▶ _WHAT THE EXERCISE ASKS_
For each record that follows, restate the text exactly and drop the pictures.
Start of Block
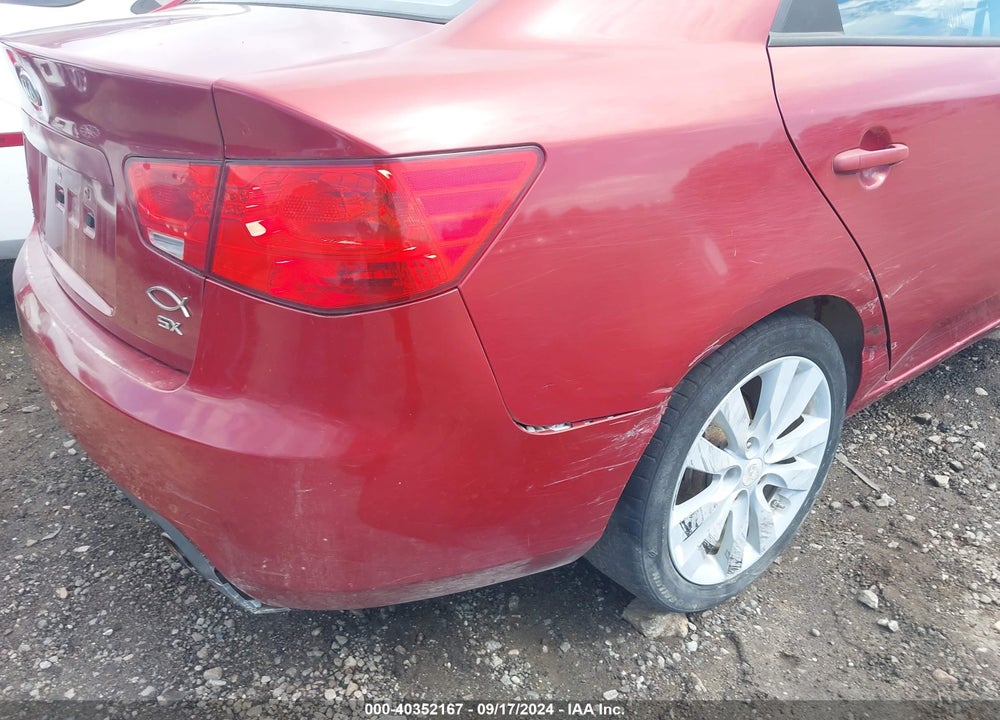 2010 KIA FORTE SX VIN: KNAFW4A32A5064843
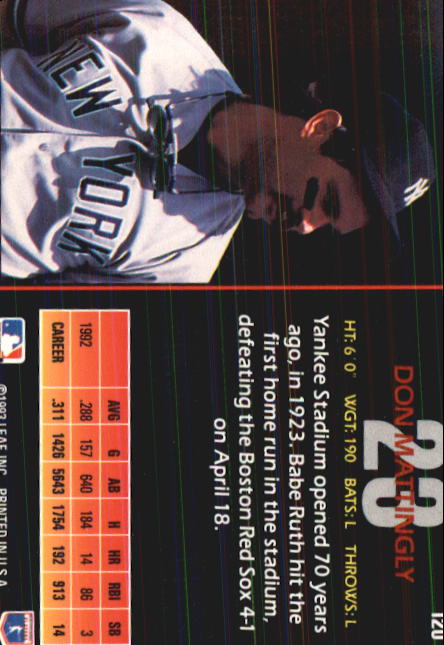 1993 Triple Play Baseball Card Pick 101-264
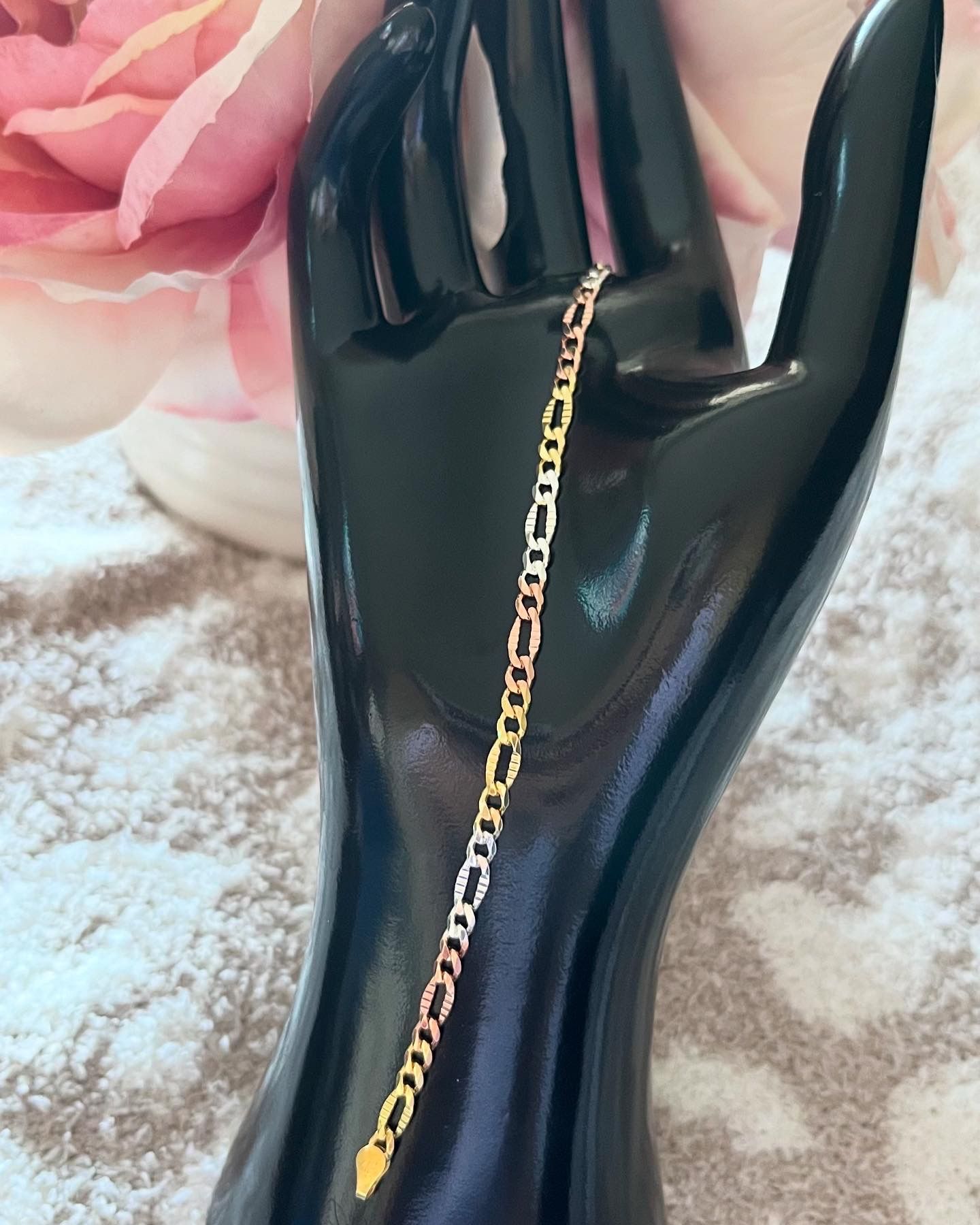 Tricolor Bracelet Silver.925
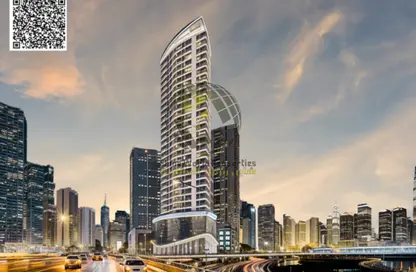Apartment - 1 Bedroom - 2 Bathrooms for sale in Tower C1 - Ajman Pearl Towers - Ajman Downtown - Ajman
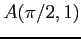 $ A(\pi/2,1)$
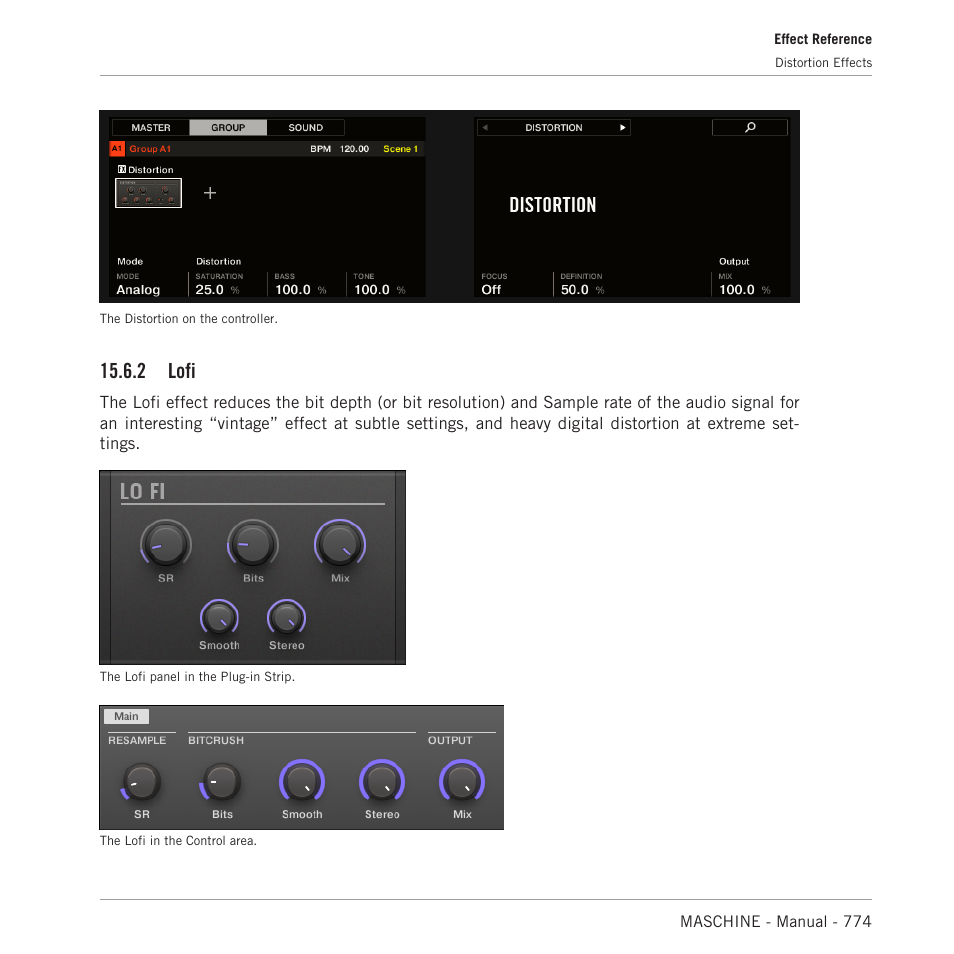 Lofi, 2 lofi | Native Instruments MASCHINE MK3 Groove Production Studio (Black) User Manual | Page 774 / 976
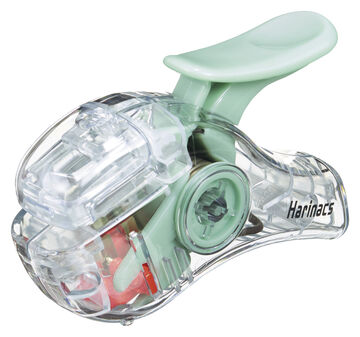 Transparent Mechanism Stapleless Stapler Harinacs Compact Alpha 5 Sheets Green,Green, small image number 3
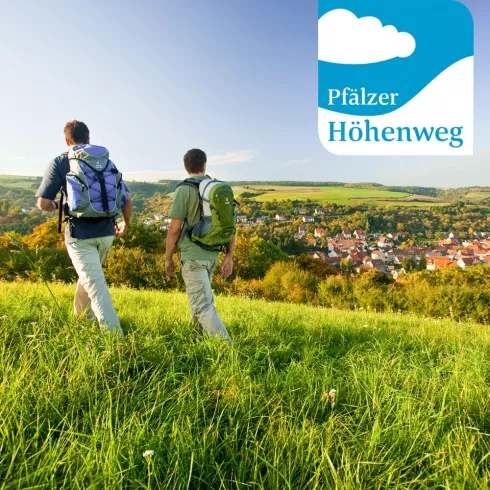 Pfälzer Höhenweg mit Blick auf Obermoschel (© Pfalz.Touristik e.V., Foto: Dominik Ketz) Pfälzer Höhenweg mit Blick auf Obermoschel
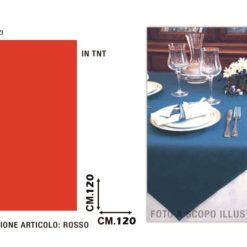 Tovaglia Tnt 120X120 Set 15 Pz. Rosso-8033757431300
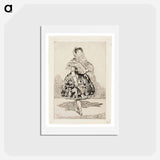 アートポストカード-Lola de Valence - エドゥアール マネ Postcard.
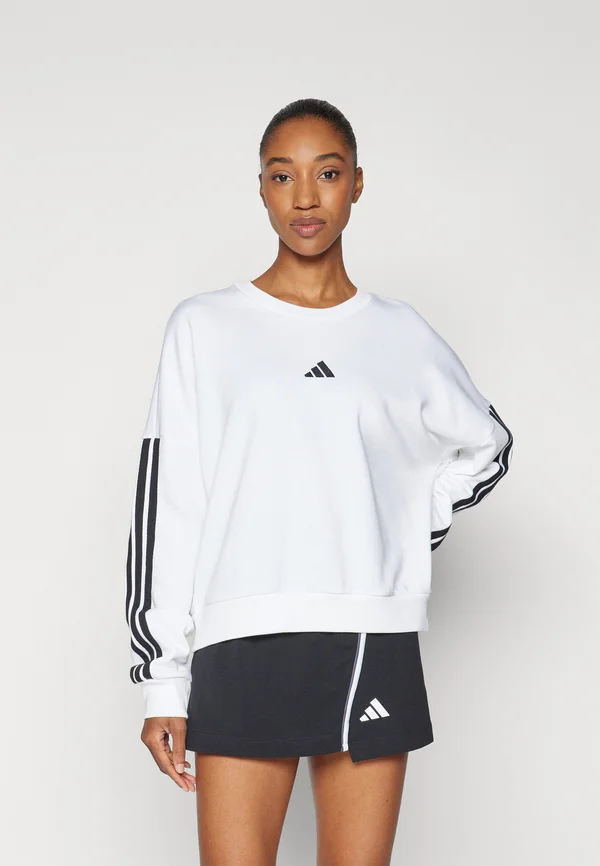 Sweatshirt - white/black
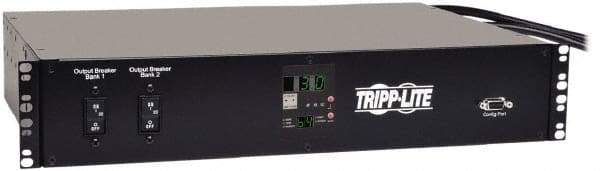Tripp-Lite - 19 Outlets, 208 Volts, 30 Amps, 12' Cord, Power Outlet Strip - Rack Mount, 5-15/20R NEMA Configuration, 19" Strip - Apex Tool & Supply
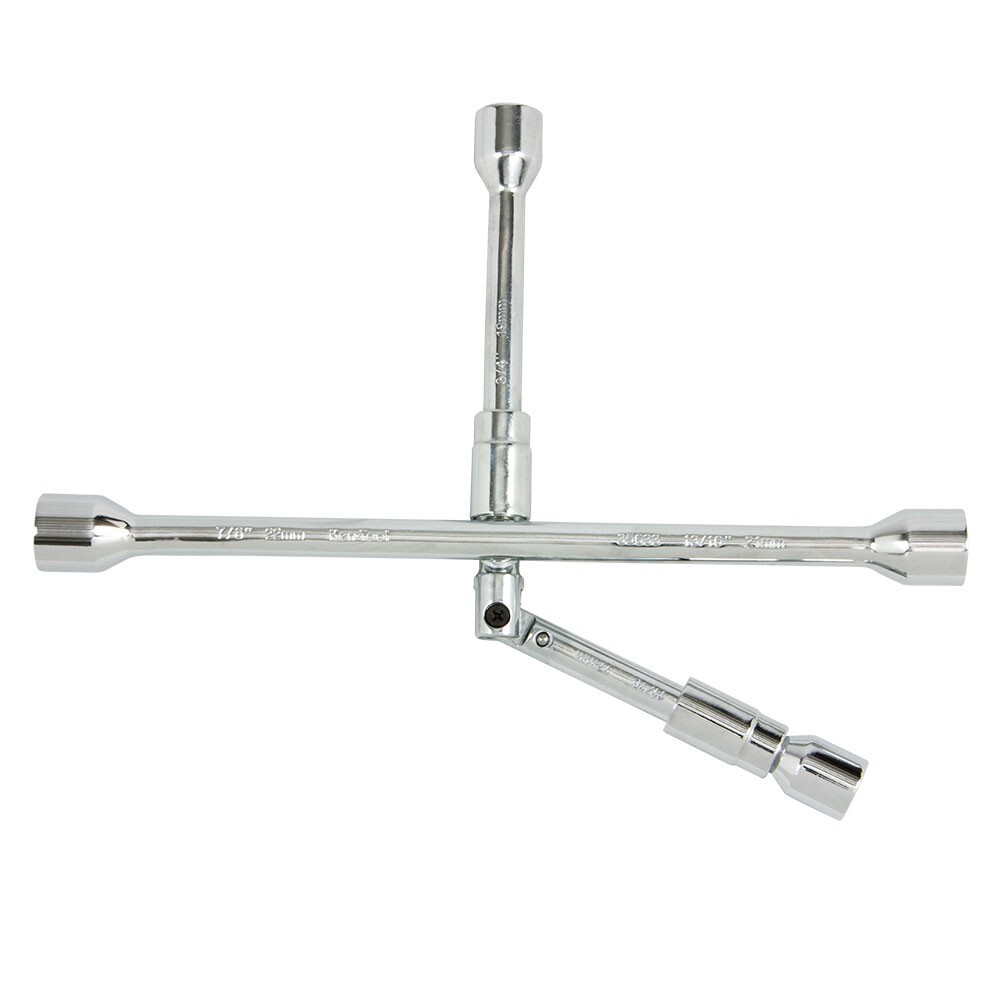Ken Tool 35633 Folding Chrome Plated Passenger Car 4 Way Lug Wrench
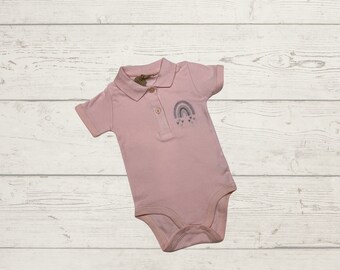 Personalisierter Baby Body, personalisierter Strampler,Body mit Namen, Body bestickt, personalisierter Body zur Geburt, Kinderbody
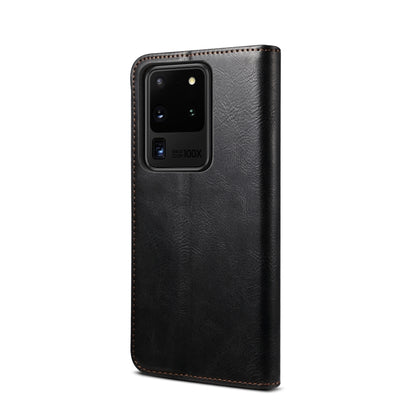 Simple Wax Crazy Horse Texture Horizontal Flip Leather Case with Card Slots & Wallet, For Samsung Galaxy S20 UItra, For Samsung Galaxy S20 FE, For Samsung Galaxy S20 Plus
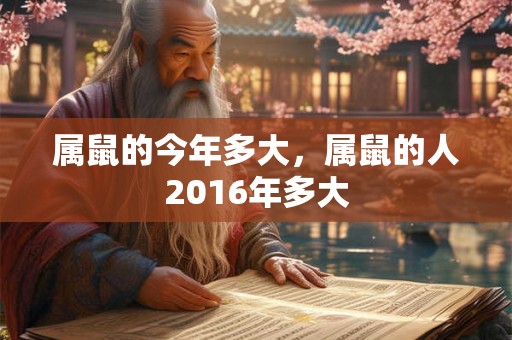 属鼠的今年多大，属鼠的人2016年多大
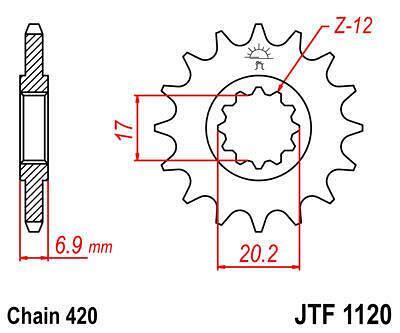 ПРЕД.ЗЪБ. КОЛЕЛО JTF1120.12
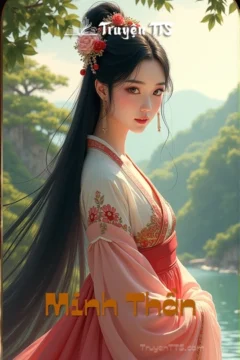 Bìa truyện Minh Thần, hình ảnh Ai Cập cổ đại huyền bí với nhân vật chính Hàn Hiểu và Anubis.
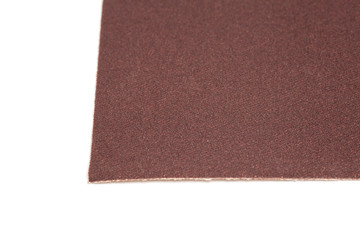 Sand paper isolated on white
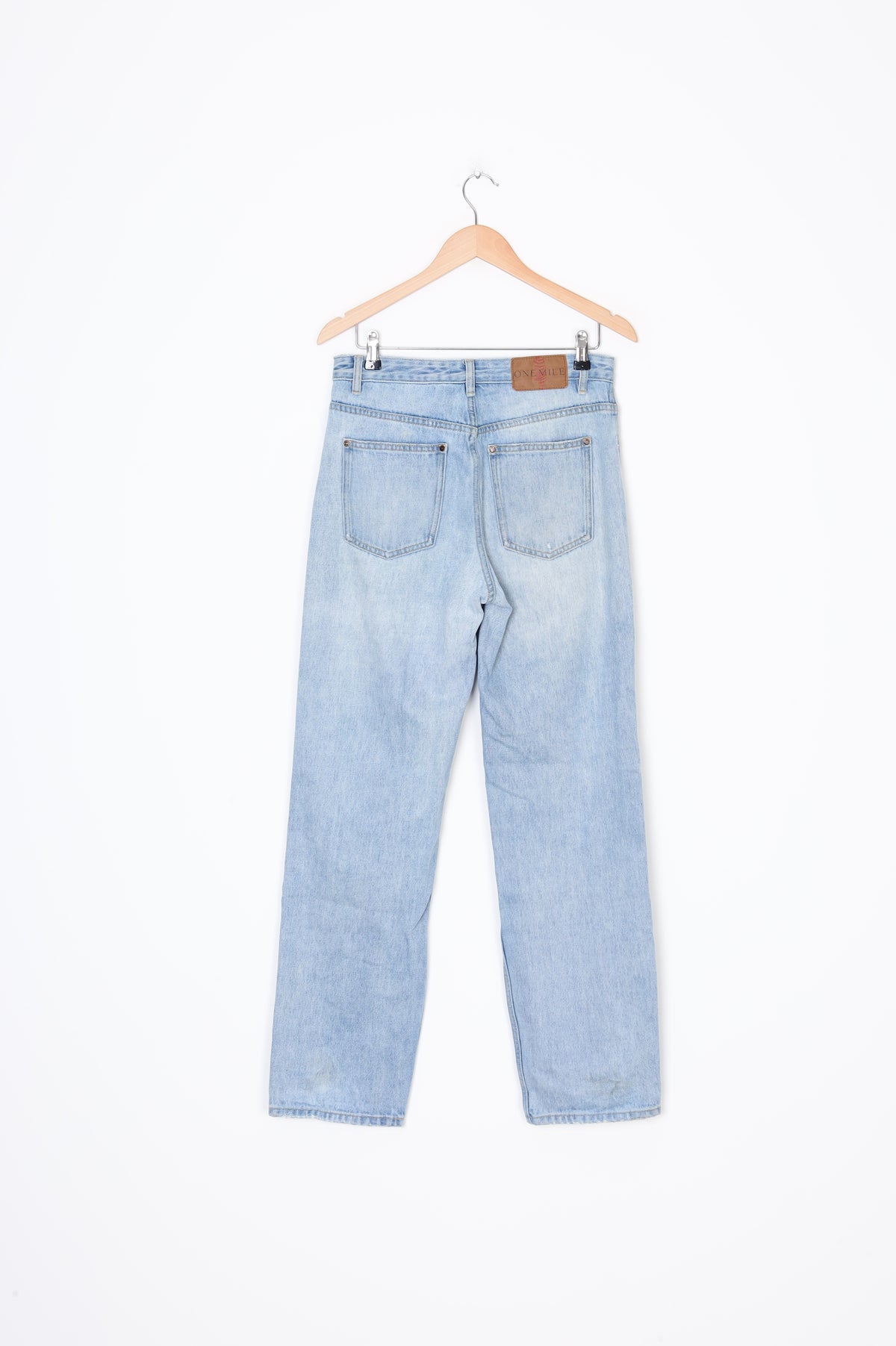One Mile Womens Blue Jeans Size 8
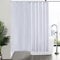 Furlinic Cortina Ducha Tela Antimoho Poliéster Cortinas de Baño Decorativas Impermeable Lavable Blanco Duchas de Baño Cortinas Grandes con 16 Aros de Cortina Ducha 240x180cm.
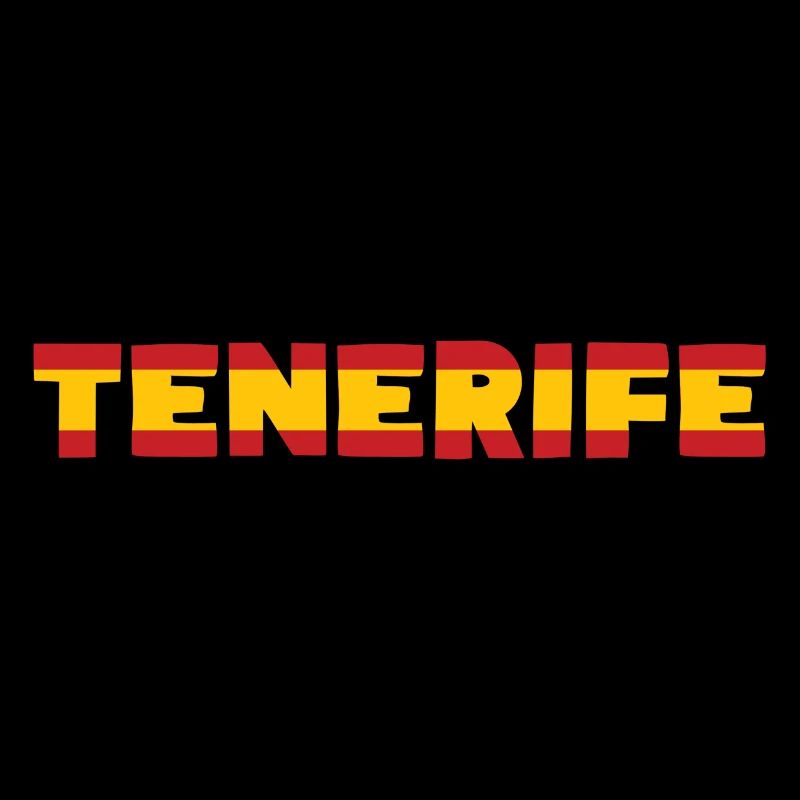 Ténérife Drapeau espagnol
End of Block
▶ _OUTPUT OF THE EXERCISE_
 2010 KIA FORTE SX VIN: KNAFW4A32A5064843
 1993 Triple Play Baseball Card Pick 101-264
 Tricolor Bracelet Silver.925
Apartment - 1 Bedroom - 2 Bathrooms for sale in Tower C1 - Ajman Pearl Towers - Ajman Downtown - Ajman
 $ A(\pi/2,1)$
 Lofi, 2 lofi | Native Instruments MASCHINE MK3 Groove Production Studio (Black) User Manual | Page 774 / 976
 Transparent Mechanism Stapleless Stapler Harinacs Compact Alpha 5 Sheets Green,Green, small image number 3
 Pfälzer Höhenweg mit Blick auf Obermoschel (© Pfalz.Touristik e.V., Foto: Dominik Ketz) Pfälzer Höhenweg mit Blick auf Obermoschel
 Tovaglia Tnt 120X120 Set 15 Pz. Rosso-8033757431300
 アートポストカード-Lola de Valence - エドゥアール マネ Postcard.
 Sweatshirt - white/black
Tripp-Lite - 19 Outlets, 208 Volts, 30 Amps, 12' Cord, Power Outlet Strip - Rack Mount, 5-15/20R NEMA Configuration, 19" Strip - Apex Tool & Supply
Ken Tool 35633 Folding Chrome Plated Passenger Car 4 Way Lug Wrench
 Personalisierter Baby Body, personalisierter Strampler,Body mit Namen, Body bestickt, personalisierter Body zur Geburt, Kinderbody
 Simple Wax Crazy Horse Texture Horizontal Flip Leather Case with Card Slots & Wallet, For Samsung Galaxy S20 UItra, For Samsung Galaxy S20 FE, For Samsung Galaxy S20 Plus
 属鼠的今年多大，属鼠的人2016年多大
 ПРЕД.ЗЪБ. КОЛЕЛО JTF1120.12
 Bìa truyện Minh Thần, hình ảnh Ai Cập cổ đại huyền bí với nhân vật chính Hàn Hiểu và Anubis.
 Sand paper isolated on white
One Mile Womens Blue Jeans Size 8
 Furlinic Cortina Ducha Tela Antimoho Poliéster Cortinas de Baño Decorativas Impermeable Lavable Blanco Duchas de Baño Cortinas Grandes con 16 Aros de Cortina Ducha 240x180cm.
 Ténérife Drapeau espagnol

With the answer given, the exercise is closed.